Le tribunal va ensuite réexaminer l’ensemble des éléments au dossier, étant ceux repris dans le dossier administratif et les déclarations de l’épouse d’une part et du témoin de l’autre. Il y a concordance dans tous ces éléments et le tribunal confirme que la victime est sortie de sa maison avant de pénétrer dans son garage pour ouvrir sa voiture. Elle a dès lors quitté sa résidence et il se trouvait effectivement sur le chemin du travail.

Ayant fait une chute, il y a événement soudain et la lésion est présumée survenue à cause de celle-ci et y trouver son origine.
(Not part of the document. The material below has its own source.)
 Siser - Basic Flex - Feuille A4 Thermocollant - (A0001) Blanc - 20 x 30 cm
Ayant souhaité être mieux documenté sur la présomption de causalité, le tribunal relève en outre des point spécifiques à cet égard, s’agissant de la rupture du tendon rotulien. S’agissant d’un gros tendon, l’expert a précisé que l’effort et le mouvement décrit pour entrer dans une voiture dont la portière n’est pas totalement ouverte et dans un espace réduit peuvent expliquer le mécanisme de la rupture. Si ce tendon ne peut se rompre spontanément, cette rupture peut intervenir suite à un mouvement et, notamment, le mouvement décrit par l’intéressé.

Intérêt de la décision

Les faits à la base de cette décision sont apparemment anodins. L’on constatera cependant qu’il y a eu un litige persistant entre l’Etat belge et le fonctionnaire.
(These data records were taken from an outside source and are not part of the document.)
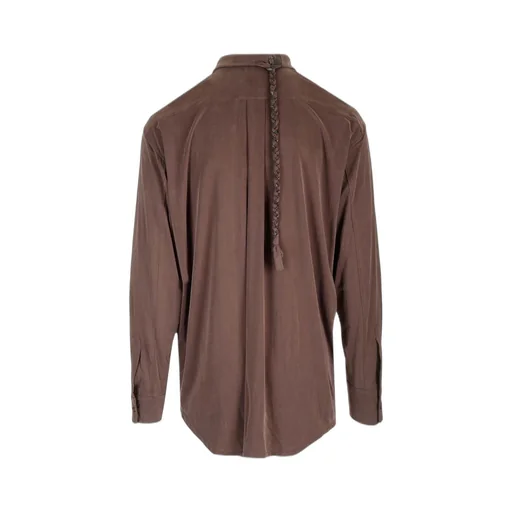 Magliano Braided-Strap Detailed Spread Collared Shirt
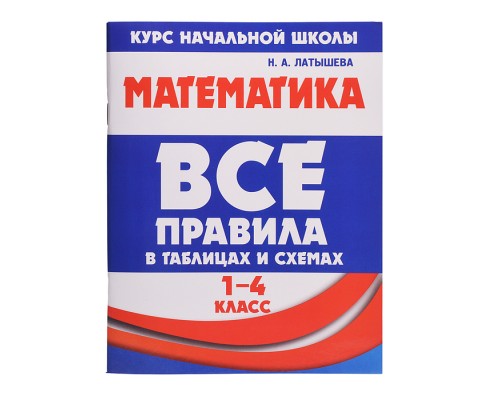 Все правила в таблицах и схемах. Математика 1-4 класс.
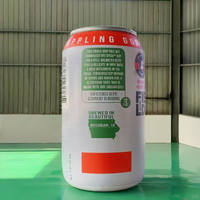 Affichage publicitaire gonflable : canettes et bouteilles de bière gonflables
Le fait qu’après l’accord sans réserve de l’autorité employeur, celle-ci soit revenue sur sa décision et ce suite à l’avis du SSA selon lequel il n’y avait pas d’événement soudain et/ou d’éléments extérieurs ne manque cependant pas d’étonner, eu égard à la mission du SSA d’une part mais également à la motivation de sa décision. L’exigence d’un « élément extérieur » est inexistante en matière d’accident du travail sur le plan de la demande. Il n’appartient nullement à la victime d’établir l’existence d’un fait extérieur à son organisme. L’on rappellera d’ailleurs que, dans un arrêt du 7 janvier 1991, la Cour de cassation (Cass., 7 janvier 1991, RDS, 1991, p. 23) a considéré qu’une chute reste un événement soudain même si sa cause est endogène à la victime.

Lorsqu’il est question d’éléments extérieurs, cette notion est abordée sur le plan de la défense, dans le cadre du renversement de la présomption légale.

L’on notera enfin, qu’il aura fallu dix-huit ans de procédure pour que le tribunal du travail puisse rendre son jugement sur la question lui soumise.